Neural operators have emerged as data-driven surrogates for solving partial differential equations (PDEs), and their success hinges on efficiently modeling the long-range, global coupling among spatial points induced by the underlying physics. In many PDE regimes, the induced global interaction kernels are empirically compressible, exhibiting rapid spectral decay that admits low-rank approximations. We leverage this observation to unify representative global mixing modules in neural operators under a shared low-rank template: compressing high-dimensional pointwise features into a compact latent space, processing global interactions within it, and reconstructing the global context back to spatial points. Guided by this view, we introduce Low-Rank Spatial Attention (LRSA) as a clean and direct instantiation of this template. Crucially, unlike prior approaches that often rely on non-standard aggregation or normalization modules, LRSA is built purely from standard Transformer primitives, i.e., attention, normalization, and feed-forward networks, yielding a concise block that is straightforward to implement and directly compatible with hardware-optimized kernels. In our experiments, such a simple construction is sufficient to achieve high accuracy, yielding an average error reduction of over 17\% relative to second-best methods, while remaining stable and efficient in mixed-precision training.

Paper Structure

This paper contains 63 sections, 37 equations, 5 figures, 12 tables.

Figures (5)

  • Figure 1: Compressibility of PDE interactions and the unified low-rank paradigm.Left: (a) original dense kernel, i.e., the Green function of 1D Poisson; (b--d) underlying low-rank properties, including: reconstructed kernel, fast spectral decay, and approximation error, derived from the numerical factorization illustrated in the middle. Middle: numerical low-rank approximation of global interactions via $K_r \approx U_r \Sigma_r V_r^\top$. Right: diverse neural-operator global-mixing modules unified as a learnable compress--process--reconstruct template.
  • Figure 2: Overview of the neural operator backbone and the Low-Rank Spatial Attention (LRSA) block.

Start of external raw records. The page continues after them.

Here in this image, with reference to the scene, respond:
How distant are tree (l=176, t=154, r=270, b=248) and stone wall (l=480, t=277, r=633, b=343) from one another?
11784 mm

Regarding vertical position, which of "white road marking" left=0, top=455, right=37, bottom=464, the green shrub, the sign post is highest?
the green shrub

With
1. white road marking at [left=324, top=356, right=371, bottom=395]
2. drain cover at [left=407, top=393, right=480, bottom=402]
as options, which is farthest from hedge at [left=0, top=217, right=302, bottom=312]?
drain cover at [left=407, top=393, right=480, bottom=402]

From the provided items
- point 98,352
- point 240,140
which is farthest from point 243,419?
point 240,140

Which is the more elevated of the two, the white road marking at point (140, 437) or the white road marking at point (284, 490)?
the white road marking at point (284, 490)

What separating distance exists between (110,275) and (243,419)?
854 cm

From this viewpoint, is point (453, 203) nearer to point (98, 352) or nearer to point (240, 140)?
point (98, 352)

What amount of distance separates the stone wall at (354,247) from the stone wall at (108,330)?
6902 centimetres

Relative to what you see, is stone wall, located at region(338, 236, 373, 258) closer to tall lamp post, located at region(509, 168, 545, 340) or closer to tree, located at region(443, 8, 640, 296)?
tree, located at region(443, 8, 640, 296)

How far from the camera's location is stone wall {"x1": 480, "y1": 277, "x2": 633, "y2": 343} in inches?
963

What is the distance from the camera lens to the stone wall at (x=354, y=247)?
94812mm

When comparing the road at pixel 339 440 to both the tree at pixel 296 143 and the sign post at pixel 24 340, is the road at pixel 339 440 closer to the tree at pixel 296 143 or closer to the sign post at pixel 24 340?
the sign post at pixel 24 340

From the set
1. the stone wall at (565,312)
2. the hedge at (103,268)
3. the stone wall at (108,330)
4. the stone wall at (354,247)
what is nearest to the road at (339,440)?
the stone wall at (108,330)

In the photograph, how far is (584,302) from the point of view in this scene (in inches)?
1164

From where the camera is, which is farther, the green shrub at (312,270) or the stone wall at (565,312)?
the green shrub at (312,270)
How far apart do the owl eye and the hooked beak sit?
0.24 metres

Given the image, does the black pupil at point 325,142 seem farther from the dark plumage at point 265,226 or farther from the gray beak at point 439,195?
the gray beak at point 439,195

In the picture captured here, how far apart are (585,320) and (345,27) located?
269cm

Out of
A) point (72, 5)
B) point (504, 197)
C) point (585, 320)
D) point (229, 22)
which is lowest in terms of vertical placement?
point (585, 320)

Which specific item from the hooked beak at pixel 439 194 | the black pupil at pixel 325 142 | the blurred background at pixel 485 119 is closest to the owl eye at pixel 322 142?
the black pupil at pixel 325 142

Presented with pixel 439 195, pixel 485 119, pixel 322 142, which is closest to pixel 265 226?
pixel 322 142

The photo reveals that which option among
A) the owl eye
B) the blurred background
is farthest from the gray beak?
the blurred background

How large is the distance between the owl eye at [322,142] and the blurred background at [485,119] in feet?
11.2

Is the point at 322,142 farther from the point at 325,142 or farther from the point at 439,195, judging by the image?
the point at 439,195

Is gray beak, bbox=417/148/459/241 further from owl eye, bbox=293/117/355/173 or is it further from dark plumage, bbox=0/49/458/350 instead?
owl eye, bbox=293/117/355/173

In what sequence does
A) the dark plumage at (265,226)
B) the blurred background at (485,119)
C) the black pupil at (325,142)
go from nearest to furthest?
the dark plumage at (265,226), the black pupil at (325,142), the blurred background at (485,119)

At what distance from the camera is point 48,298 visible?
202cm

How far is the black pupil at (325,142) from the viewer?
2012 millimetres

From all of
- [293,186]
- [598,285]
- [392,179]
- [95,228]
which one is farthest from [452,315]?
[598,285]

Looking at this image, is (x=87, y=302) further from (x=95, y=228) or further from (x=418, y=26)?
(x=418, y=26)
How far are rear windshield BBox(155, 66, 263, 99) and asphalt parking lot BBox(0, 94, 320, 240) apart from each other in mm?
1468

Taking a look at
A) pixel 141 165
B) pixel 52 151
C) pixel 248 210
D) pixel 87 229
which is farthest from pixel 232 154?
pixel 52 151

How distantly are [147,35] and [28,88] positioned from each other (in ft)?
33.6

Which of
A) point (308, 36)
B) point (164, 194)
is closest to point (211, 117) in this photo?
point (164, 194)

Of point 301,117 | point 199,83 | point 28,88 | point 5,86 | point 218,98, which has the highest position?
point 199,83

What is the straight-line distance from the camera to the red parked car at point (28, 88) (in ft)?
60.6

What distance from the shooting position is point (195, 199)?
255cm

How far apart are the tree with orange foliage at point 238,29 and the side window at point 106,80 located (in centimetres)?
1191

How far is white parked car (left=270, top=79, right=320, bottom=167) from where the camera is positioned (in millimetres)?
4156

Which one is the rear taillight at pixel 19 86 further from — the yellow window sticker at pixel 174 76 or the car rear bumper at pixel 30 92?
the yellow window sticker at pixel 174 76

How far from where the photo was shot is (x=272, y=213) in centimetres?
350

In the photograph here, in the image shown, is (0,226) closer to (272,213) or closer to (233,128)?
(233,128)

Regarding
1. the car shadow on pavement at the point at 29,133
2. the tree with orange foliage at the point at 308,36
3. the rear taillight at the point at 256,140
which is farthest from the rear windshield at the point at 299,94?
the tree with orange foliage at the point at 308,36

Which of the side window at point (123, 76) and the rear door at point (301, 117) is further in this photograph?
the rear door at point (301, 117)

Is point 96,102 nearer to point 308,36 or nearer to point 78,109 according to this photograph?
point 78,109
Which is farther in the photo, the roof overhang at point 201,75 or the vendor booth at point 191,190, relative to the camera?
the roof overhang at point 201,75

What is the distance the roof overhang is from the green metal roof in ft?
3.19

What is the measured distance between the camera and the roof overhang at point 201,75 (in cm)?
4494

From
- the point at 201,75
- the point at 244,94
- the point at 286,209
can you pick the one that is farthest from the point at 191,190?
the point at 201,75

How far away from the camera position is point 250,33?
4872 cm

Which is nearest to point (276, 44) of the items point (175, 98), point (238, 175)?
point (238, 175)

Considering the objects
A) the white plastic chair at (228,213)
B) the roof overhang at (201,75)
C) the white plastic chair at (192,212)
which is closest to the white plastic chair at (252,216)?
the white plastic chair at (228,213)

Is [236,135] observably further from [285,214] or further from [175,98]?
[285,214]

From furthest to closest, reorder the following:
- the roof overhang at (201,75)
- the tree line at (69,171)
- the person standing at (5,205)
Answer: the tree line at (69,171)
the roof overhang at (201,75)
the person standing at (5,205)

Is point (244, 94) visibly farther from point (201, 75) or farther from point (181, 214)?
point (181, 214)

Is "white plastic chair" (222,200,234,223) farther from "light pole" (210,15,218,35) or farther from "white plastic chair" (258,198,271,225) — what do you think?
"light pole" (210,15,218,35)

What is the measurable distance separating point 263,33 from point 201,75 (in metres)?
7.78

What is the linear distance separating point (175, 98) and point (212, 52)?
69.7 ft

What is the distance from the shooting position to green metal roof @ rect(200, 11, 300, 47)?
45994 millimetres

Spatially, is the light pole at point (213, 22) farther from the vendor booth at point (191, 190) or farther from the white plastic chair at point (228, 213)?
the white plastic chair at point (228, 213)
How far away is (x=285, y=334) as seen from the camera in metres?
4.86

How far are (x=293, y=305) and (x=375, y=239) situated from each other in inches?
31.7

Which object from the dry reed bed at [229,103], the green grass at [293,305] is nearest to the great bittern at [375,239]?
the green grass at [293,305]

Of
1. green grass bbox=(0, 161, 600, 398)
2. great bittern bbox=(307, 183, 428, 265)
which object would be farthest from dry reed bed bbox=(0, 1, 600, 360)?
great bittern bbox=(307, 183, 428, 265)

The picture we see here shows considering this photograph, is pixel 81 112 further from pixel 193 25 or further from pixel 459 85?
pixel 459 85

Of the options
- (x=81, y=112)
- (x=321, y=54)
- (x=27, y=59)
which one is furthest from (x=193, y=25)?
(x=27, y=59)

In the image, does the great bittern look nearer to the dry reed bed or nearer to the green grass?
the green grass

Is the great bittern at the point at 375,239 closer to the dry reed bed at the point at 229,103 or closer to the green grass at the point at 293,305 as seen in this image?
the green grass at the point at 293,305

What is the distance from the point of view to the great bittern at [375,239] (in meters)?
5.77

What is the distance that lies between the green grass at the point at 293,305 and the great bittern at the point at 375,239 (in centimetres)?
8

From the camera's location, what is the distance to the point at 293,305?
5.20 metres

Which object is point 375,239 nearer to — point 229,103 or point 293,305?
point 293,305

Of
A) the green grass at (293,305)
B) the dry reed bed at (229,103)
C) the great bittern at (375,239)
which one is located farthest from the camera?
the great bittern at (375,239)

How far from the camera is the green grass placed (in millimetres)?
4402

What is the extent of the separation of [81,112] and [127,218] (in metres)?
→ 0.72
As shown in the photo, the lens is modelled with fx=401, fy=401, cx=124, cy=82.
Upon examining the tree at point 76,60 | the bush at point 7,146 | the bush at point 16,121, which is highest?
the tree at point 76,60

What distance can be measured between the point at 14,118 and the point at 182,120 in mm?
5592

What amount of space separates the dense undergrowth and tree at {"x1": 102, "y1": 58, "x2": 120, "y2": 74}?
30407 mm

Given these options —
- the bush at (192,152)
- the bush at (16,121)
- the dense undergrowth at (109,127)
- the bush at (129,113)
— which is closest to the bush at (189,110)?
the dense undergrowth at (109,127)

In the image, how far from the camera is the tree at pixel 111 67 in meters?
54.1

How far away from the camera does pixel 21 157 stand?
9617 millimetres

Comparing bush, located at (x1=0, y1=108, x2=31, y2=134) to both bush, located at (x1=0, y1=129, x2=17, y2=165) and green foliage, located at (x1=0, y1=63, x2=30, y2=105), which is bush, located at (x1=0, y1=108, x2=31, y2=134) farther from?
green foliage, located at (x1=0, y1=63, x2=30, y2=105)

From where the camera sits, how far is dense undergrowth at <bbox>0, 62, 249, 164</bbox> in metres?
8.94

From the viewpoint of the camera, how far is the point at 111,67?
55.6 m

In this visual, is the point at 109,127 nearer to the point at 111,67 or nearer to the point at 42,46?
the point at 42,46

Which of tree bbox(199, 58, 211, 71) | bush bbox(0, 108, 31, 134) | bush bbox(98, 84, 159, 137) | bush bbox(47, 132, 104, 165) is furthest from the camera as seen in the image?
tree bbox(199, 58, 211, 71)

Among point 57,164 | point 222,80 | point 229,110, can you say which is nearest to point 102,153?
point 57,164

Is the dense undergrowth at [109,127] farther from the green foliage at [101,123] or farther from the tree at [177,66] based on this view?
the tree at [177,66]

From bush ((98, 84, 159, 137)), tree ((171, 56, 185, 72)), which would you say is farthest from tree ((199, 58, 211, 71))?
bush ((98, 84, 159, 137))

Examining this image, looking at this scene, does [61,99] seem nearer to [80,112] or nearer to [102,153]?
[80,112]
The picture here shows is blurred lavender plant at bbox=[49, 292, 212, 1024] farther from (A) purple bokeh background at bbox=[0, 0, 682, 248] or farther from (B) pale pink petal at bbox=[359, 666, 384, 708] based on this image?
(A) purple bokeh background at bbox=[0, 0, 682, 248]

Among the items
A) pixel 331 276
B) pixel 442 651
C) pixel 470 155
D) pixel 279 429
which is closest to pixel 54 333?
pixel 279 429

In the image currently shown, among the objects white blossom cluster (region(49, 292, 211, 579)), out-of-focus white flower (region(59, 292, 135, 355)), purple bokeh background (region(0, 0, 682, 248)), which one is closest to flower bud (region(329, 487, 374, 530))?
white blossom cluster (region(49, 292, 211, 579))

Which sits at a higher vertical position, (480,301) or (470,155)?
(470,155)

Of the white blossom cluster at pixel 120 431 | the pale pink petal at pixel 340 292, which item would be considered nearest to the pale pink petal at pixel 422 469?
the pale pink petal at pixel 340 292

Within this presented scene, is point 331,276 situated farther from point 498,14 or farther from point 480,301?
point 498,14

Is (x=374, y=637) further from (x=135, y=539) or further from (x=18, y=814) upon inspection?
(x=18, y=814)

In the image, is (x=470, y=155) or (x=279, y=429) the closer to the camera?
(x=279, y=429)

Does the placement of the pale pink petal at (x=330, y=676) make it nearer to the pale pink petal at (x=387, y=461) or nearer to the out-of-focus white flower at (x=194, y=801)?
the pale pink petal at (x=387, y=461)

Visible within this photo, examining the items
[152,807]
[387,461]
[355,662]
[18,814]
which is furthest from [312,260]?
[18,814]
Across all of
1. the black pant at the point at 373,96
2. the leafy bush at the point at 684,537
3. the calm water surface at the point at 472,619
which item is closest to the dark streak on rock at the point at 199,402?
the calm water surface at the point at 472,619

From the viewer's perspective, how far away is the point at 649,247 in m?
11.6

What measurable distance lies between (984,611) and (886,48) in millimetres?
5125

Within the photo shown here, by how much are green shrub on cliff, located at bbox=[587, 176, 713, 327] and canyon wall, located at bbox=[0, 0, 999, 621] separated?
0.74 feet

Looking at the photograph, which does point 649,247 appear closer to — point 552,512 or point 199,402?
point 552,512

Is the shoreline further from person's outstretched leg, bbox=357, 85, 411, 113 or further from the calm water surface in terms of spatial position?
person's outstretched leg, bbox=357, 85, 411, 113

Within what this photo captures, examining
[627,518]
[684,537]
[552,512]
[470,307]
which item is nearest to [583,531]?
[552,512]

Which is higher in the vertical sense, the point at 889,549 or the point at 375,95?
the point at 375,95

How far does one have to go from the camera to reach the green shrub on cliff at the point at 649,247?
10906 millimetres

LRSA routes global information through a compact latent bottleneck using only standard Transformer primitives.
  • Figure 3: Qualitative performance comparison across diverse discretizations. From top-left to bottom-right: Navier-Stokes (regular grid), Elasticity (point cloud), Airfoil and Plasticity (structured grid). Error maps are visualized on the same scale for each task. LRSA yields lower relative errors and preserves sharper physical patterns in high-frequency regions compared to Transolver.
  • Figure 4: Training stability and efficiency. Left: relative $L_2$ error under FP32/BF16/FP16; $\boldsymbol{\times}$ denotes divergence. Right: per-step training latency (forward+backward, normalized to Transolver-FP32) and peak memory (ratio relative to Transolver-FP32; smaller is better) on three representative tasks. Memory Saving is calculated as the ratio of peak training memory consumption of the evaluated model to that of the baseline model (Transolver-FP32). A lower factor indicates better memory efficiency.
  • Figure 5: Rank and component ablations. Top: sensitivity to latent size $M$. Bottom: component variants of LRSA (Full, w/o latent self-attention, and enforcing symmetric compression and reconstruction).